ELD Mandate FMCSA TLAAS TEAR Trucking Livestock Hauling

The status of the federal ELD (electronic logging device) mandate is especially concerning to all livestock owners--including private, individual horse owners, from weekend trail riders to professional rodeo cowboys. The ELD mandate is part of Moving Ahead for Progress in the 21st Century (MAP-21) and is comprised of regulations issued by the Federal Motor Carrier Safety Administration (FMCSA).


"Not for Hire" is Not Enough

This mandate is enforced by the Department of Transportation, requiring commercial motor vehicle drivers, subject to hours of service, to record driving hours electronically using an approved electronic logging device (ELD). We found that many horse owners are lumped into the same category as commercial truck drivers, simply due to the size and weight of their vehicles and trailers--even if they do not haul for profit and even if they have “not for hire” displayed on their vehicles.

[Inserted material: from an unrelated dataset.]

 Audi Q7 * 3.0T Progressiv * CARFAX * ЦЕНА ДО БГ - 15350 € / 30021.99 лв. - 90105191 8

Regulatory Control Did Not Account For Living Creatures - Human and Animal


Haulers are limited to driving 11 consecutive hours as well as being required to rest for 10 hours in between driving periods. This creates immense challenges for the transportation of living things, and so far, livestock and insect haulers have been granted continued exemptions. As of this writing, the FMCSA website states: “Transporters of livestock and insects are not required to have an ELD. The statutory exemption will remain in place until further notice. Drivers do not need to carry any documentation regarding this exemption.”However, it is our understanding that the HOS (hours of service) exemption for haulers of live cargo will have an expiration date.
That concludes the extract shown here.